Peer pressure was a powerful motivator. Yoshio Tshuchiya admitted, “I didn’t have courage at the beginning (to murder captives), but I couldn’t escape from it. I would be labelled as ‘Chicken’. So I had to do it.”63 Tshuchiya also noted that troops were taught to look down on Chinese as a lesser form of life equivalent to animals: “I felt like I was just killing animals, like pigs.”64

Toyoshige Karishima, a Taiwanese guard who accompanied POW porters on Borneo admitted to killing the many prisoners who couldn’t keep up. On occasions POWs, already sick before they started, begged to be shot.
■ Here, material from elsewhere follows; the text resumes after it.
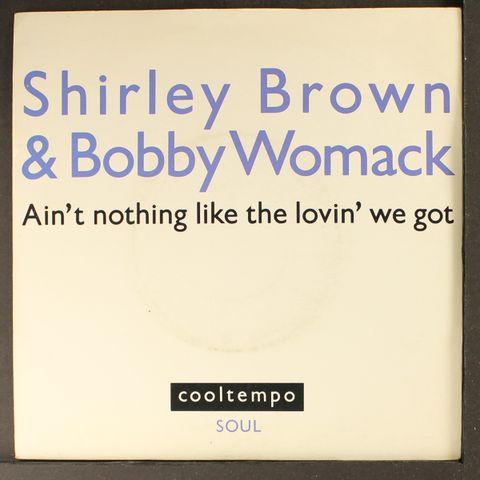 SHIRLEY BROWN & BOBBY WOMACK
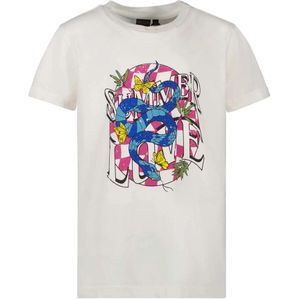 Cars meisjes t-shirt - Wit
Karishima refused to accept personal responsibility for his crimes saying, “I don’t feel guilty now about what I’ve done because in a war people cannot be normal… when we joined the Japanese Army, we were told that we were the soldiers of the Emperor and all we needed to do was to obey orders…”65 Being one of the Emperor’s soldiers did not protect Karishima. As a Taiwanese Karishima was on the lowest rung of the ladder and was himself often beaten and abused. Japanese soldiers would often be beaten themselves for showing lack of spirit. Afterwards they would be forced to apologise and to bow to their fellow soldiers. The culture of brutality was endemic in the whole system of Japanese military discipline.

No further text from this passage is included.